アラサー隠居

バンライフ、旅、持病のIBS(過敏性腸症候群)、読んだ本などについて

【IBS本】「パン・豆類・ヨーグルト・りんごを食べてはいけません/江田証」

 

 

 以前読んだ「自分で治す過敏性腸症候群の本/江田証」、「なんだかよくわからない『お腹の不調』はこの食事で治せる!/江田証」と同様、江田証氏の本。発酵性糖質を避ける低FODMAP食の実践方法などはそもそも、低FODMAP食を考案した豪・モナシュ大学のやり方に沿ったものなので前出の2冊と同じだが、腸や健康にまつわる雑学は前出の2冊よりも多い印象がある。

 

 「【IBS本レビュー】「なんだかよくわからない『お腹の不調』はこの食事で治せる!/江田証」 - アラサー隠居はIBSに怒る」で書いたように、私個人として疑問を感じたフルクトース(果糖)の吸収について、前出の2冊よりも詳細に述べられていた。疑問というのは、「フルクトースの量がグルコースブドウ糖)の量を下回っていれば小腸で上手く吸収されるのに、なぜフルクトースとグルコースのバランスが良好な低FODMAPフルーツを食べすぎてはいけないのか」というものだ。

 

 本書には、 

過敏性腸症候群の人にとっては、食品一食あたりフルクトースがグルコースより0.2グラム多い食品・飲料は、ふつうの場合症状は起こしません。

 とある。ただし、この後の記述で

キウイ100グラム中のフルクトース量4グラム、グルコース量4グラム。四引く四=0グラム(適している)

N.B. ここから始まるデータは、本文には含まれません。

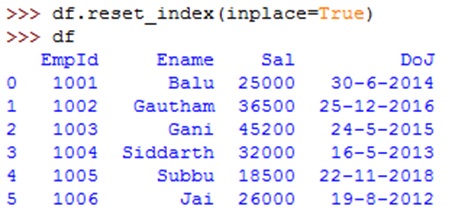 image for resetting index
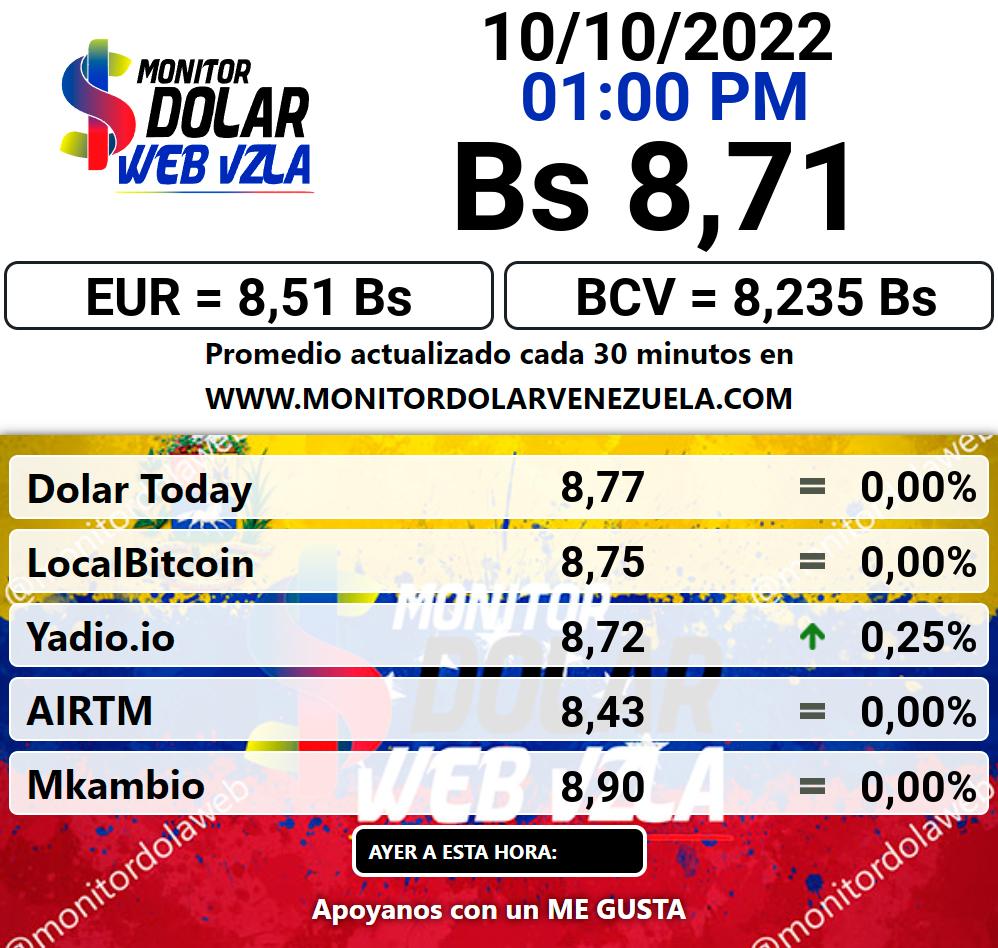Monitor dolar lunes 10 de octubre de 2022 Monitor Dolar Paralelo Web 1:00 pm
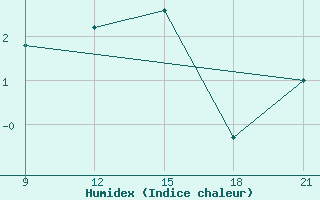 Courbe de l'humidex pour Grimsstadir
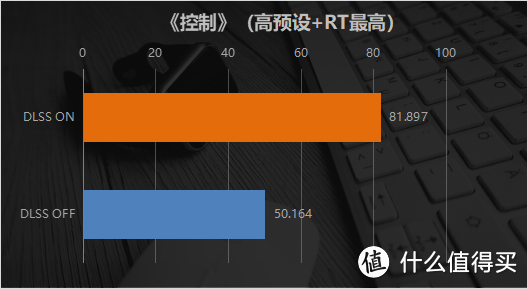 不止二次元桌宠 RTX 3060+11代标压酷睿带你畅玩光追 华硕天选2酷睿版游戏本评测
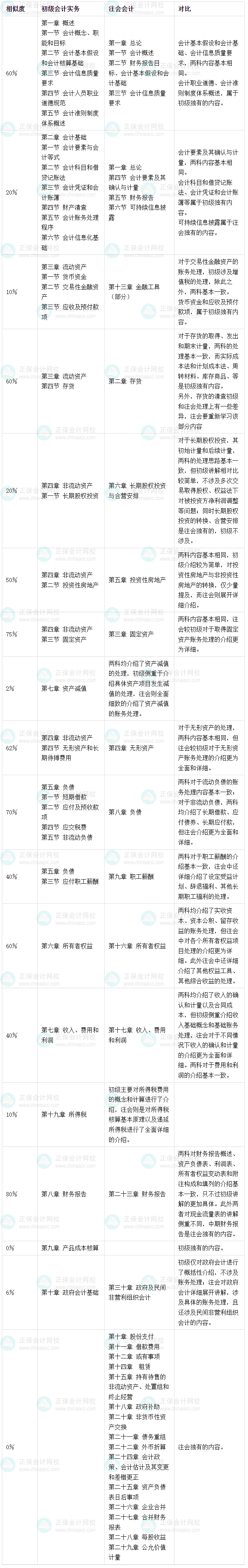 2025初級(jí)考后轉(zhuǎn)戰(zhàn)注會(huì)會(huì)計(jì)備考建議、方法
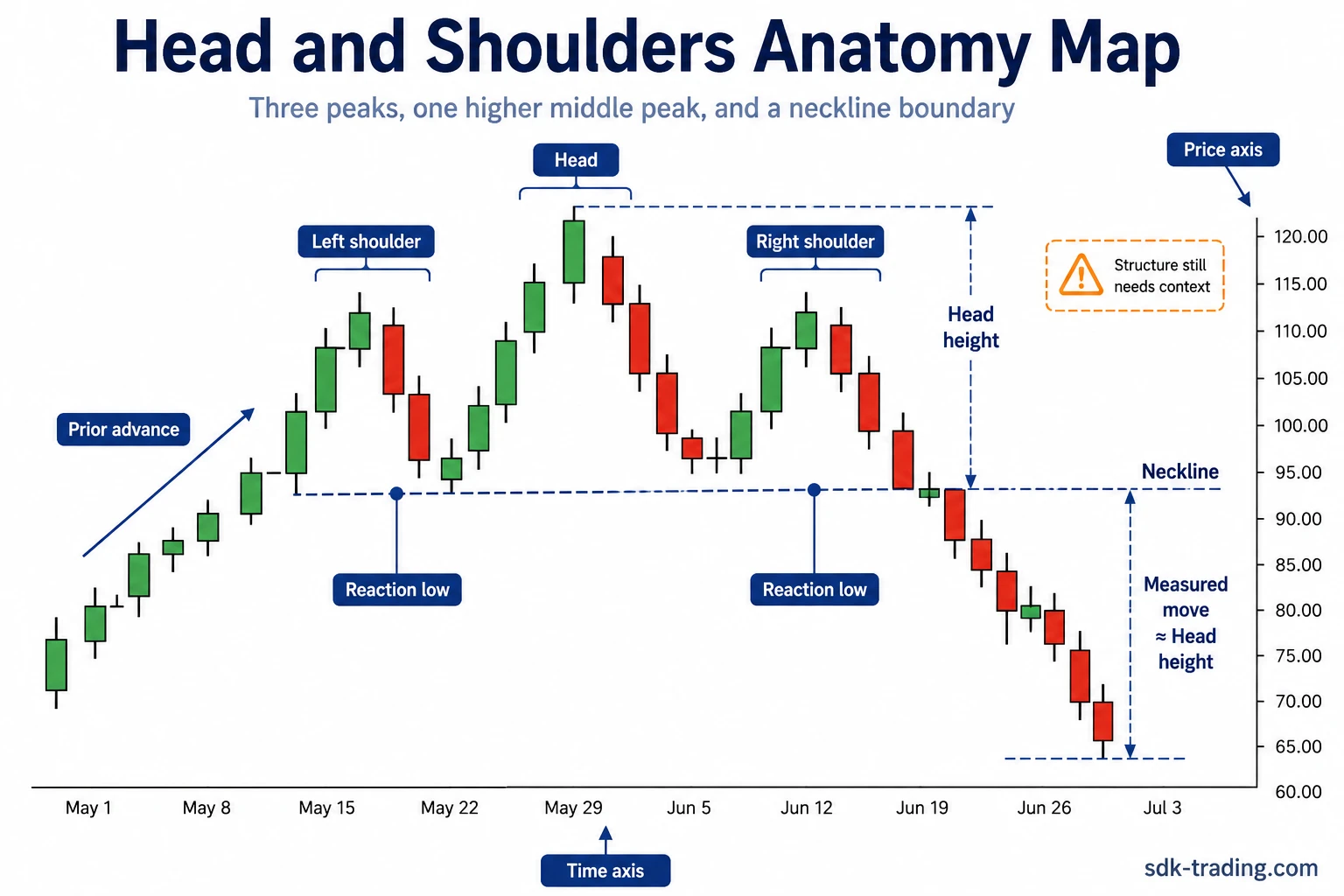 Head and shoulders chart pattern showing a prior advance, left shoulder, higher head, right shoulder, reaction lows, neckline, and later price behavior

 とあるので、前出の「フルクトースがグルコースより0.2グラム多い食品・飲料」は、「フルクトースがグルコースを上回る量が(ジャスト0.2グラムではなく)0.2グラム以下(もしくは未満?)の食品・飲料」の間違いだろう。

 

 つまり、フルクトース量がグルコース量を上回っていても、その超過分が0.2グラム以下であれば「低FODMAP食」に分類されるようだ。仮に一食あたりの「フルクトース引くグルコース」が0.2グラム以下の低FODMAP食品でも、食べれば食べるほどその差は広がっていく。結果的にグルコースを上回るフルクトースの量が0.2グラムを超過するので、低FODMAPに該当するフルーツでも「食べすぎてはいけない」というのは理解できる。

 

 さらに、本書には

いくらグルコースとフルクトースのバランスが保たれていても、あまりにもフルクトースを大量にとってしまうと、腸の負担になってしまうことがあります。 

 とあったので、そもそもグルコースとの相対的な量だけでなく、絶対量も関係するらしい。その辺りの原理については本書で述べられていなかった。

 

 腸にまつわる雑学的な知識として気になったのは、腸内細菌の性質が、自閉症の症状や脳の発達(記憶力など)にも関わっている可能性がある、との研究結果だ。私は、自分の意志ではコントロールできない不随意筋である腸に長年悩まされいるが、腸よりも自分の意志から遠い存在である「腸内細菌」に自分の脳をコントロールされているとしたら、なんと滑稽なことだろう。